Tuesday, November 17, 2009

Oil

While in New York recently, we took in Edward Burtynsky’s latest exhibition, ‘Oil’, at the Hasted Hunt Kreutler Gallery in Chelsea. It’s an impressive collection, put together over more than a decade, and tracing the value chain of oil from extraction to use, and disposal.

Some of the shots are simply stunning, more akin to abstract art than photojournalism. From Australian mines to Azerbaijani wells, and Shanghai car factories to LA freeways the overwhelming scale and embeddedness of oil as a feature of the contemporary global landscape is thrown right in our faces. Burtynsky’s large format pictures are simultaneously shocking and beautiful, prompting for us a strong, but somewhat ambiguous response. Yes, this addiction to oil has got out of hand; yes, our thirst for oil has ravaged the environment; but, wow, isn’t this pinnacle of modernity also in some ways just downright amazing?

Now for those of us interested in issues of corporate responsibility such ambiguity is nothing new. Balancing the good with the bad, the value creation for some with the value destruction for others, is what much of what our field is all about. But Burtynsky takes this a little further. By seeking to absorb us in the global experience of oil, by joining up the dots in ways that make us want to learn more about what we’re looking at, what we are … yes, enjoying, he draws into the debate not just business ethics nerds like Crane and Matten, but also people that might like a good picture but who might never otherwise give much of a second thought to the ‘oil problem’.
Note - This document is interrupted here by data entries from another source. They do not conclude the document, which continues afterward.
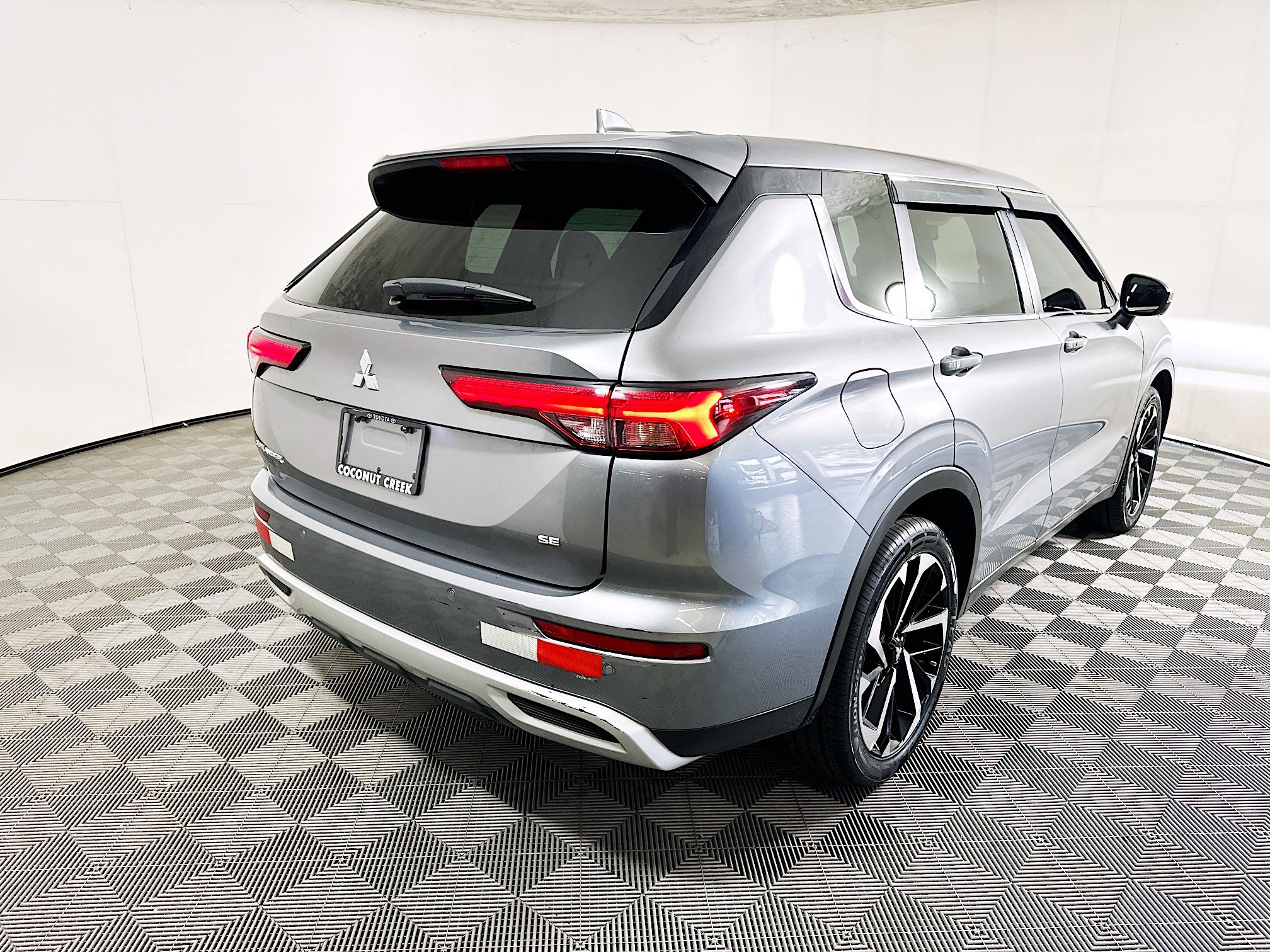Used 2023 Mitsubishi Outlander SE FWD image 3
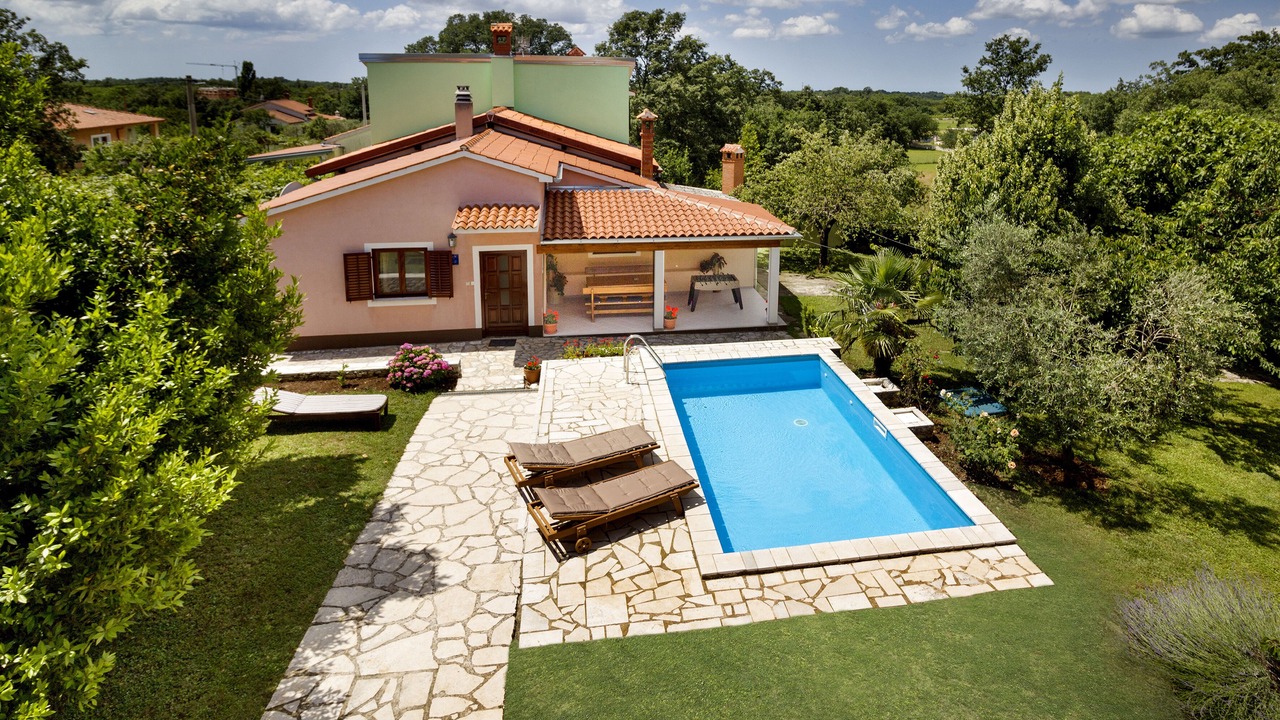 Photo of Outdoor in Modrusani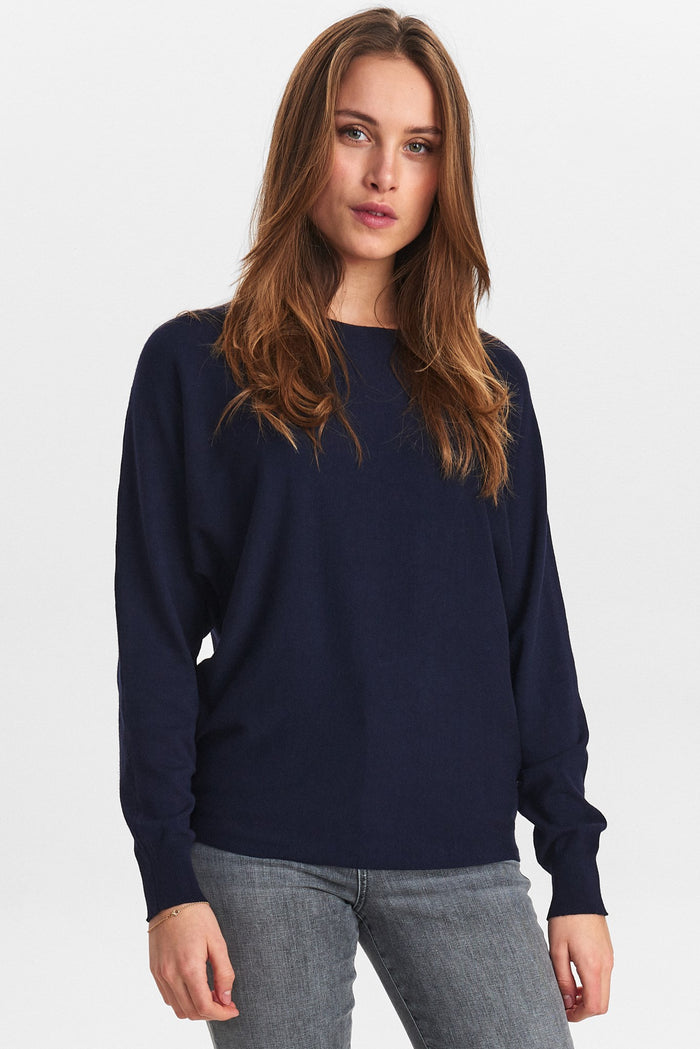 
                  
                    NUDAYA Pullover mit dunklem Saphir
                  
                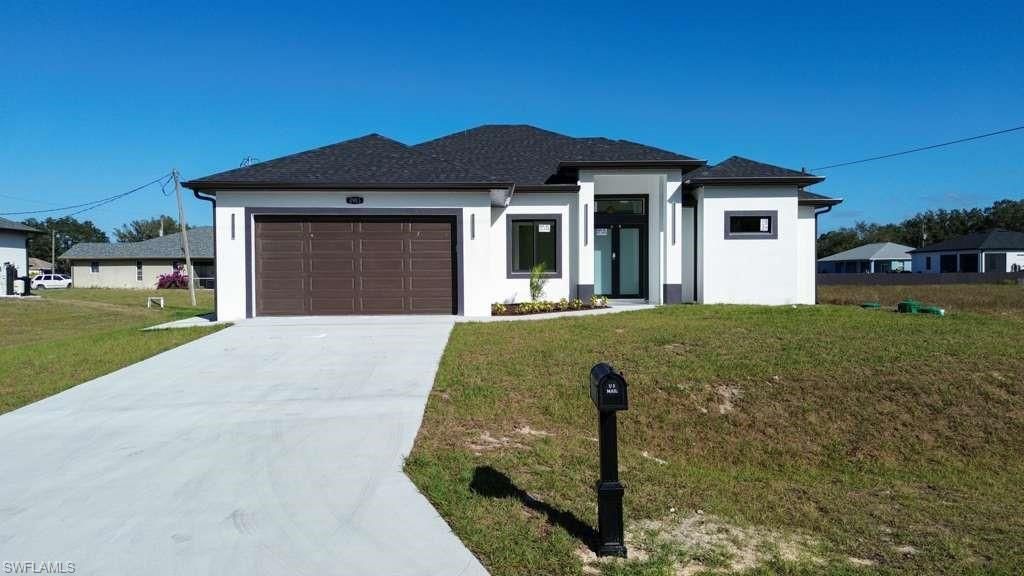 2903 E 17th ST, LEHIGH ACRES, FL 33972 — exterior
Burtynsky’s exhibition, which is showing simultaneously in New York, Toronto and Washington, is also accompanied by a book, also called simply ‘Oil’. As he says in the introduction:

“In 1997 I had what I refer to as my oil epiphany. It occurred to me that the vast, human-altered landscapes that I pursued and photographed for over twenty years were only made possible by the discovery of oil and the mechanical advantage of the internal combustion engine. It was then that I began the oil project. Over the next ten years I researched and photographed the largest oil fields I could find. I went on to make images of refineries, freeway interchanges, automobile plants and the scrap industry that results from the recycling of cars. Then I began to look at the culture of oil, the motor culture, where masses of people congregate around vehicles, with vehicle events as the main attraction. These images can be seen as notations by one artist contemplating the world as it is made possible through this vital energy resource and the cumulative effects of industrial evolution.”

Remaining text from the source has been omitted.